Task statement:
Return every line of the records that includes the string "Hotel".

Records contained in a dataset:
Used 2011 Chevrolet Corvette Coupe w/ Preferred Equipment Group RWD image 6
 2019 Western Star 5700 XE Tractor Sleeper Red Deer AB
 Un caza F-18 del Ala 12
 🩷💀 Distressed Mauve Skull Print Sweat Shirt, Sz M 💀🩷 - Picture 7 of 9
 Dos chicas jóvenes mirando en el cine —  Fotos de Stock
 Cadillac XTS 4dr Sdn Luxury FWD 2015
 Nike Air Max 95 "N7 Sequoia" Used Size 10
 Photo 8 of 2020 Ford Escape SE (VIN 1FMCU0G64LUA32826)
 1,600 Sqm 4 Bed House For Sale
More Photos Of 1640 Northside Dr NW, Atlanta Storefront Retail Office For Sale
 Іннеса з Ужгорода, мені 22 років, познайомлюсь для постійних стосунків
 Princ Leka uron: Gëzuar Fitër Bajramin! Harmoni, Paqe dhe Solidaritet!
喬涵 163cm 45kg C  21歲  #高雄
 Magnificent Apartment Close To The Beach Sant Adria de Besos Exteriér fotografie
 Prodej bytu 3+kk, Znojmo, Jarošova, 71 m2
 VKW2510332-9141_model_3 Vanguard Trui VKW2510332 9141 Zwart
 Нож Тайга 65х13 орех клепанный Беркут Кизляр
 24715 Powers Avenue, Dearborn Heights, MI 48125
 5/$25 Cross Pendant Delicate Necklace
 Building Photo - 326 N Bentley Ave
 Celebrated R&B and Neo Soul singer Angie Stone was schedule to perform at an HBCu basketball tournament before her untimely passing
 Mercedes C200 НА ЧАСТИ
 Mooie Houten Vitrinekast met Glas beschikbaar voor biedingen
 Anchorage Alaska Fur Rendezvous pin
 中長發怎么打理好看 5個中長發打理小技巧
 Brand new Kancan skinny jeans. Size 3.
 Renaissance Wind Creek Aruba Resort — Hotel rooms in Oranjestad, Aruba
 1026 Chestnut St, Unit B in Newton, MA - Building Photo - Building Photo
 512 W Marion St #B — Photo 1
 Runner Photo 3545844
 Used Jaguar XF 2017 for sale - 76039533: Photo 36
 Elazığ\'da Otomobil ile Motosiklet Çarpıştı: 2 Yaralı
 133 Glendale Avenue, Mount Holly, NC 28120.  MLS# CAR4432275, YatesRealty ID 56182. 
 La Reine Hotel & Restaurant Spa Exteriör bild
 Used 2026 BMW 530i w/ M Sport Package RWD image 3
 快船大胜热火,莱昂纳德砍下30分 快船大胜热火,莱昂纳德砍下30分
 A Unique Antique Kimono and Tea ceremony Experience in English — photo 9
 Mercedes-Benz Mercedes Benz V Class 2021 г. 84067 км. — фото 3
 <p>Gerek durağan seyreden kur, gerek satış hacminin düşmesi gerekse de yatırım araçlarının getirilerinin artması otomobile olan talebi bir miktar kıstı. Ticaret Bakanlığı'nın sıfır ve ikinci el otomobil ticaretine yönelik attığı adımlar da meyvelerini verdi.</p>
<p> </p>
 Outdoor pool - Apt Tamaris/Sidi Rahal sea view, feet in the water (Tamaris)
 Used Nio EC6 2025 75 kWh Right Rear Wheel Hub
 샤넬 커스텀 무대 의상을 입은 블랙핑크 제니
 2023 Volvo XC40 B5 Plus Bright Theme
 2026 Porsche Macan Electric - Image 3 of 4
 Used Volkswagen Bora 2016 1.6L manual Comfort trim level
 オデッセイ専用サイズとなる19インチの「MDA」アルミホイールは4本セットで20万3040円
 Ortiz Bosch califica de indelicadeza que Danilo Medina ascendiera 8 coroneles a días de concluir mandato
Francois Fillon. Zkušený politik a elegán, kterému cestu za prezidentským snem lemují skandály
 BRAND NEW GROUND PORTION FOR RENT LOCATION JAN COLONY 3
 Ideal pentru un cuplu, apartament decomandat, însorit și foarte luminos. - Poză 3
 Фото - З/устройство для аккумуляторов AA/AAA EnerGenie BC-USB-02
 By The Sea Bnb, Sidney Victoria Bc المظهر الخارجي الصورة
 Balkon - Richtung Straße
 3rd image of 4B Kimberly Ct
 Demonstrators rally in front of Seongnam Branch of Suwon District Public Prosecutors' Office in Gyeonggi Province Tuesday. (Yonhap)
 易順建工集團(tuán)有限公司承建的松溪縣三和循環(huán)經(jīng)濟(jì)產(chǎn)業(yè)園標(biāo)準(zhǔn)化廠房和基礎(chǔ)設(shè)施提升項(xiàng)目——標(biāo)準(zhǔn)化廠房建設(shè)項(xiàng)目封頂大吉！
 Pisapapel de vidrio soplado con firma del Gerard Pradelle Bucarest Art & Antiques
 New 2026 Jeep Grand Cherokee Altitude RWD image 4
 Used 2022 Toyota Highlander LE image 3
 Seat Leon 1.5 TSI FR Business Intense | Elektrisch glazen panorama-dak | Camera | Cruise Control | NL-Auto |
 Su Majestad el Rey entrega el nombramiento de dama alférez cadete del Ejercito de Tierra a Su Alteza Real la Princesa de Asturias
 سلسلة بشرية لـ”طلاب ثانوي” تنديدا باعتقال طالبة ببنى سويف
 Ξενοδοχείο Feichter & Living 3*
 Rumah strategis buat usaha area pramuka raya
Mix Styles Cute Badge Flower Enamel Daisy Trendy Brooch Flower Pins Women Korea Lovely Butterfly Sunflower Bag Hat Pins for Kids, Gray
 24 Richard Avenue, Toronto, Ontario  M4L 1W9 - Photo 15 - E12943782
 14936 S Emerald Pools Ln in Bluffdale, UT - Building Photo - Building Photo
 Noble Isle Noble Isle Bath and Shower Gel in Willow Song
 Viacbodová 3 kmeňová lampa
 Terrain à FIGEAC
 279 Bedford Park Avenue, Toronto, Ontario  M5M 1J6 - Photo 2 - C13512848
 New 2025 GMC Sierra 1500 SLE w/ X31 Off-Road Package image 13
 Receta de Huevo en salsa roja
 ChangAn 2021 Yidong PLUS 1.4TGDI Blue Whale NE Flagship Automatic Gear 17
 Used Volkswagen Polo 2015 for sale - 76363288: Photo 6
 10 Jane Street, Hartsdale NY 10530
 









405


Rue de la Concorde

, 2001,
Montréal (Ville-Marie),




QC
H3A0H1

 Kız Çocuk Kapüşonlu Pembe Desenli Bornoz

Reply:
 Renaissance Wind Creek Aruba Resort — Hotel rooms in Oranjestad, Aruba
 La Reine Hotel & Restaurant Spa Exteriör bild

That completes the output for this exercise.